→ **Work request**: Write out exactly, and only, the lines below from the line with "So this helps" through the line with "Just send it"; pictures do not belong in the copy.

→ **Given information**:
- Opening Delimiter -
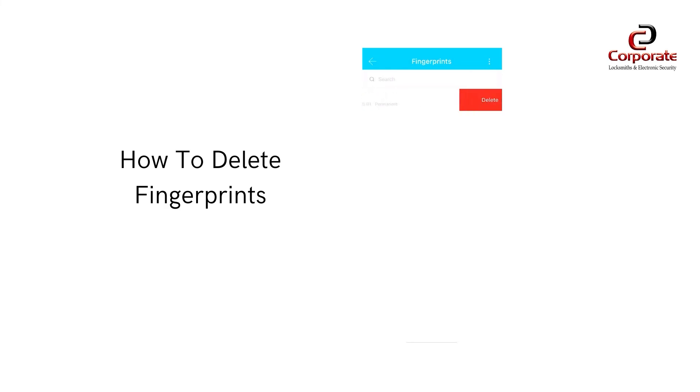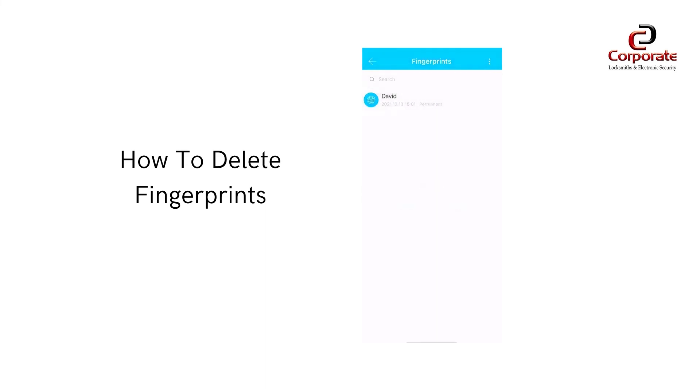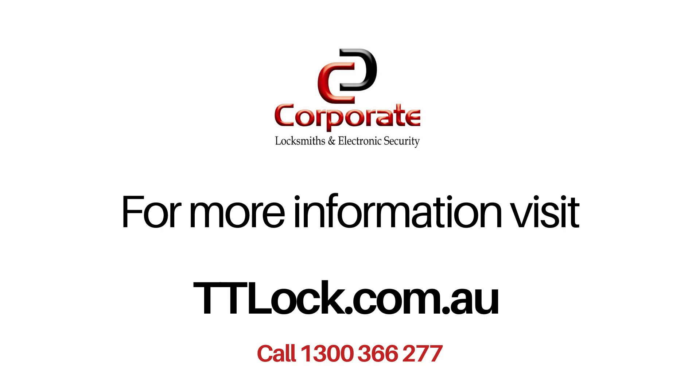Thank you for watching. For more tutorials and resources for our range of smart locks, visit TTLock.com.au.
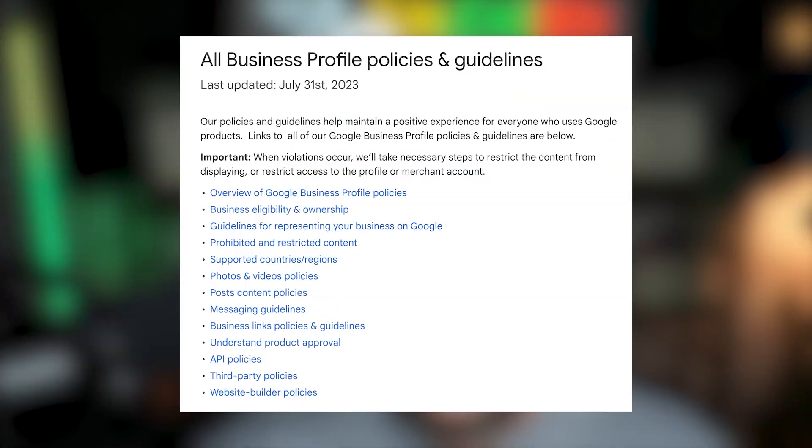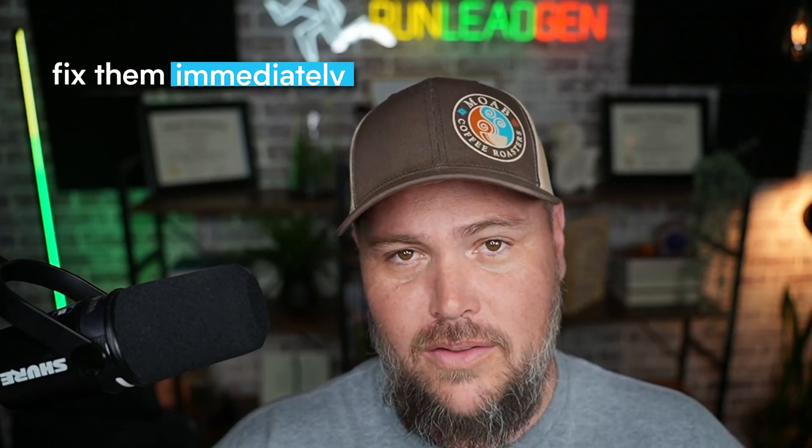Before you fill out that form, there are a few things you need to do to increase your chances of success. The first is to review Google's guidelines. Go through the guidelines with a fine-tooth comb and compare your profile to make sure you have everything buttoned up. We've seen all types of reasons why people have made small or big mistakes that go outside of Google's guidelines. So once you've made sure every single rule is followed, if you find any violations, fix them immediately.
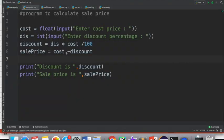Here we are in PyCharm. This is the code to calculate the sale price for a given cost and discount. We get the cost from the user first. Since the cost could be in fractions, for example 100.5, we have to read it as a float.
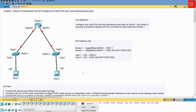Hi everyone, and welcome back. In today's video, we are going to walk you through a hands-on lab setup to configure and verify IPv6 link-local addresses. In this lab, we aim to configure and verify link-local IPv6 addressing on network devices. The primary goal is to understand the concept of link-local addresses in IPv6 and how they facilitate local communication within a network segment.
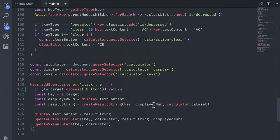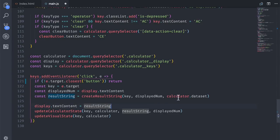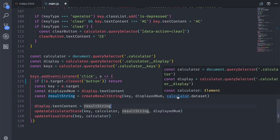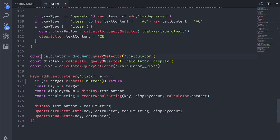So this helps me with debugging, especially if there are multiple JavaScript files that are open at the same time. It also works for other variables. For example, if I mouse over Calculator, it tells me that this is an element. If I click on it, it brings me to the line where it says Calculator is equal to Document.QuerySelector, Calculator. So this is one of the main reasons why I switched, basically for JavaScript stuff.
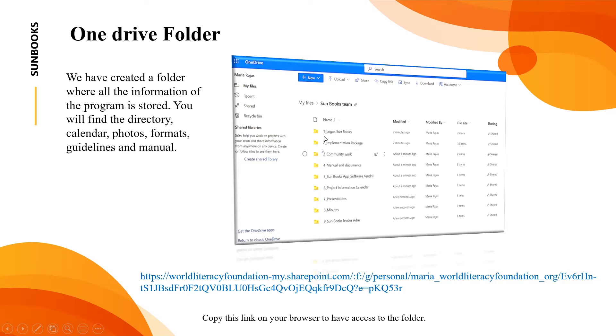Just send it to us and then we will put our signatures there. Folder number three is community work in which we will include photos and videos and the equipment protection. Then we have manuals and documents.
- Closing Delimiter -
- Opening Delimiter -
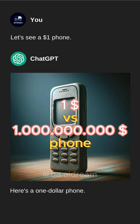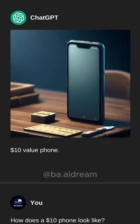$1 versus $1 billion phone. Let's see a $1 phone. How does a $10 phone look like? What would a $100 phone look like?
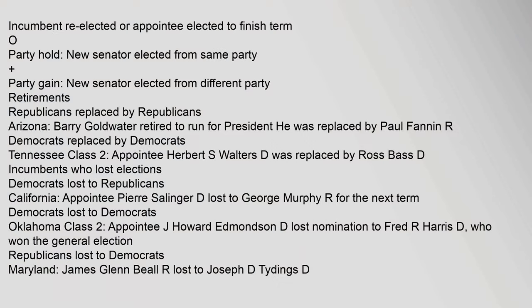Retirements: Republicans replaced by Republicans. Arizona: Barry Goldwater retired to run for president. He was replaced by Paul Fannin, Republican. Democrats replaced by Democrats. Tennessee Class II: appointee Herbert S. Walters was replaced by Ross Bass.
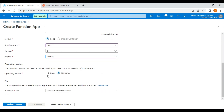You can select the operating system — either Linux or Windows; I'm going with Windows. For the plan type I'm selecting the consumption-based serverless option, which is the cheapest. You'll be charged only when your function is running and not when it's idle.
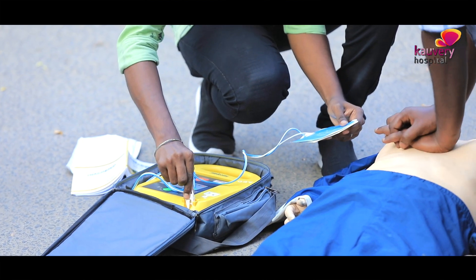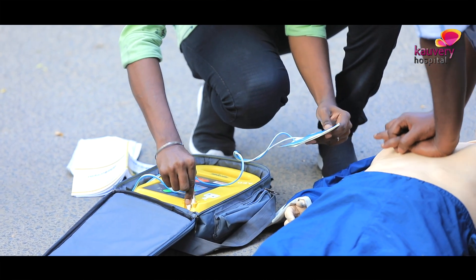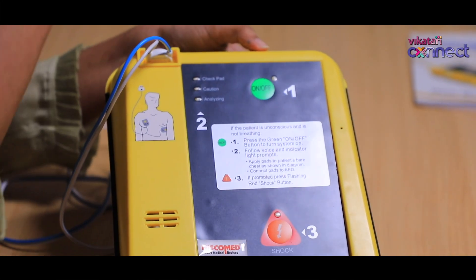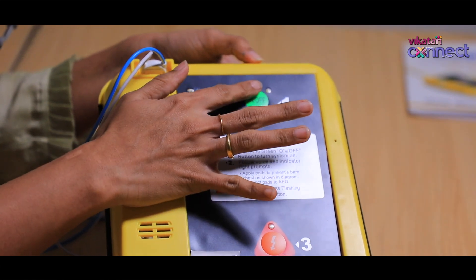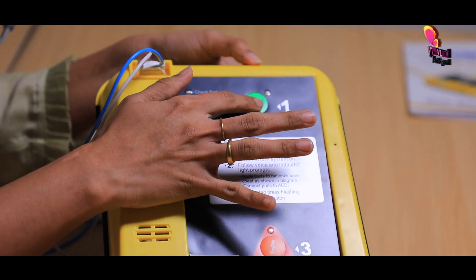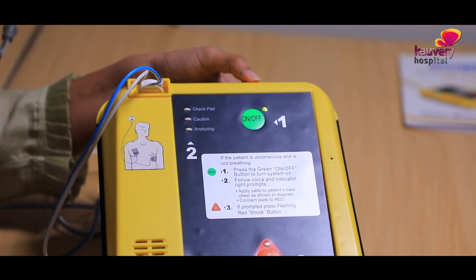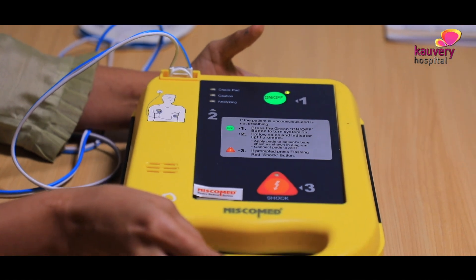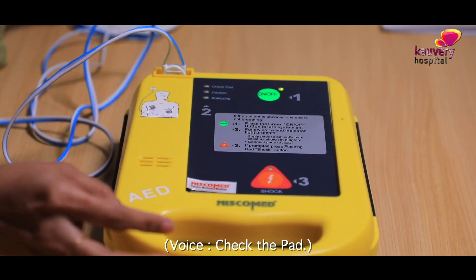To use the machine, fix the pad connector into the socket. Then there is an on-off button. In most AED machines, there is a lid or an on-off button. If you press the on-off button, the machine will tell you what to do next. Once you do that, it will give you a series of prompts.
- Closing Delimiter -
- Opening Delimiter -
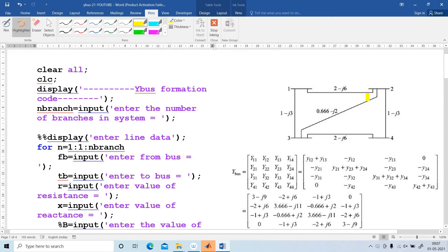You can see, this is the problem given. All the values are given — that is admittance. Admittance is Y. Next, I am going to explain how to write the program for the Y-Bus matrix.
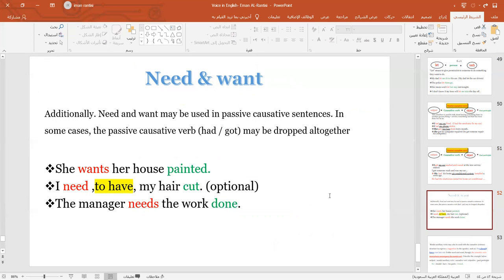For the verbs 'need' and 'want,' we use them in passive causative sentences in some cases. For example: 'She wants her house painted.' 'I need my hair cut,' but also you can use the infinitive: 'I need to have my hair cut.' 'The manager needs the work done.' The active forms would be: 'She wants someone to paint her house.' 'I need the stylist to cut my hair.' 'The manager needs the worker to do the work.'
- Closing Delimiter -
→ **Solution to the problem**:
So this helps me with debugging, especially if there are multiple JavaScript files that are open at the same time. It also works for other variables. For example, if I mouse over Calculator, it tells me that this is an element. If I click on it, it brings me to the line where it says Calculator is equal to Document.QuerySelector, Calculator. So this is one of the main reasons why I switched, basically for JavaScript stuff.
Just send it to us and then we will put our signatures there. Folder number three is community work in which we will include photos and videos and the equipment protection. Then we have manuals and documents.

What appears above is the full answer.